All these manuscripts come from a quite wide area of the western Himalayan regions through into Afghanistan, but we know from al-Bîruni and Râjashekara that birch bark was used over a much wider area of northern India. After the Turkish conquest, the vale of Kashmir, long renowned for its Sanskrit learning, was left isolated as the only centre for the production of birch-bark manuscripts; and even there the introduction of Muslim manuscripts into the valley after the 14th century radically affected the format of this the last period of their production. The sheets of bark were cut to fairly large rectangles and then about eight to ten at a time were folded in two and sewn into sections, and the sections sewn together into a codex shape; the whole was then covered with a binding which sometimes was of rough leather. This radical departure from traditional Hindu practice would seem to have begun as early as the 15th century, as all birch-bark manuscripts after this date are in this upright format, even though few still have their original bindings. All birch-bark manuscripts were written on with pen and ink, that used in the later Kashmiri manuscripts being famous for its indelible properties.

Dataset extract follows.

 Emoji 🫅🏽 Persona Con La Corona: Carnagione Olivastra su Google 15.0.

The birch was not the only tree whose bark was used as a writing material. At the other end of the Himalayas in that other enclosed valley, the Assam valley of the Brahmaputra, the inner bark of the aloe tree (Aquilaria agallocha [= A. sinensis]) known locally as the sâncî was used as a writing material. Although no extant manuscript appears to be earlier than the 15th century, it is known from Bana's 7th-century account, when King Bhâskaravarman of Assam sent as presents to the great King Harsha of Kanauj, jewels, silks, and 'volumes of fine writing with leaves made from aloe bark, and of the hue of the ripe pink cucumber'. This lovely description fits perfectly well the 18th-century manuscripts commissioned by the Ahom Kings (No. 121). These sheets of bark when suitably prepared were written on with pen and ink. Unlike the large sheets of birch bark they bear a hole in the centre of the leaf, often ornamented, and traditionally were threaded with a string or nâdî. The sâncîpât leaves have a tendency to split at the edges, but are otherwise tough and durable. The upper and lower covers were usually thick leaves of the same bark, still with the outer layer on.

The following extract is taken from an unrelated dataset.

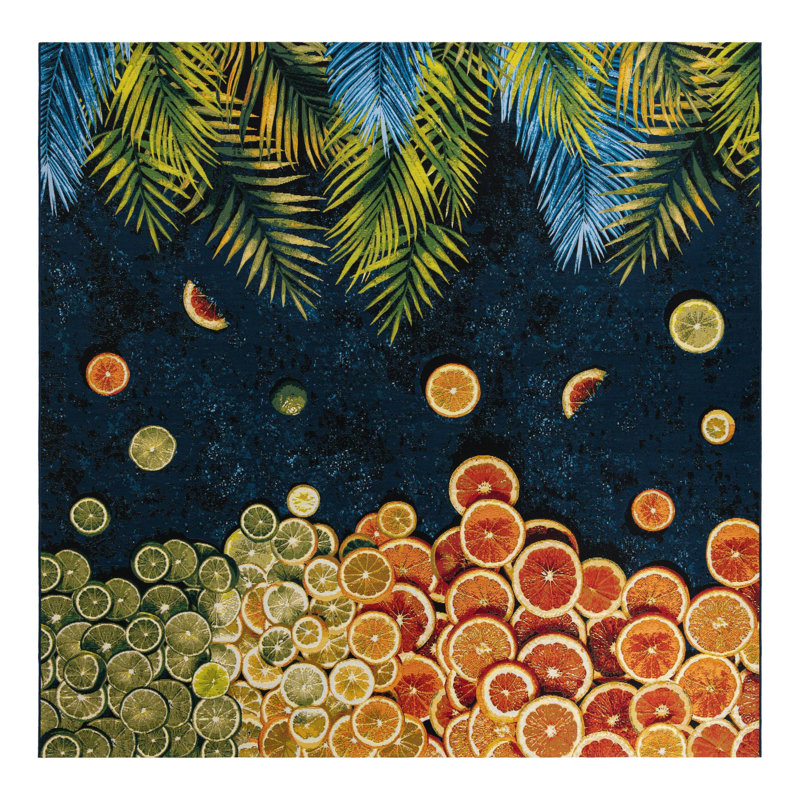 Tapis d'extérieur intérieur / extérieur Coastal, Carré 10 pi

Abb.: Stamm, Blätter und Blüte von Aquilaria sinensis [Bildquelle: http://www.hktree.com/tree/Aquilaria%20sinensis.htm. -- Zugriff am 2004-03-12]

The other early writing material referred to by Nearchos (quoted by Strabo) is well-beaten cotton cloth, a material {pata or kârpârsika pata) to which reference is made in early Sanskrit legal literature being used for official documents. Texts for engraving on stone or copper plates were written on cloth before being handed over to the engraver. None has survived from a very early period, but it may be assumed that, as in later times, it had to be made writable on by first stiffening it with paste and then covering it with a suitable ground. The earliest surviving example appears to be a solitary leaf from a pothî manuscript on silk found in Sinkiang, but probably of Indian origin, datable on palaeographic grounds to the 8th century and in a northern Indian hand (British Library Or.8212/1594). Such manuscripts are extremely rare; a complete one dated 1351 is reported to be preserved in a Jaina library in Patan in Gujarat.

The cloth scroll is a format of considerable antiquity, and was used almost exclusively for horoscopes and almanacs. The soothsayers summoned by Siddârtha to expound the meaning of his wife's dreams are shown on the illustrated Kalpasûtra manuscripts with long scrolls of cloth (No.26) from which they make their pronouncements.


Abb.: Lesende und schreibende Wahrsager, Jaina-Kalpasûtra-Manuskript, Gujarat, 1445 (British Library) [Bildquelle: : Losty, Jeremiah P.: The art of the book in India. -- London : British Library, ©1982. -- 160 S. : Ill. -- ISBN: 0904654788. -- Plate X.]

The writing on these scrolls commences parallel to the short side, proceeds to the end of the scroll, and if more space is required proceeds back along the reverse side. The same format is seen in the 2nd-century birch-bark scroll from Gandhara. The ancient tradition of painting on large squares of cloth is found continued, remarkably, in the great manuscript of the Hamzanâma commissioned by the Mughal Emperor Akbar about 1570. This huge project involved the preparation of 1400 paintings on separate sheets of cloth, with the text normally written on the reverse.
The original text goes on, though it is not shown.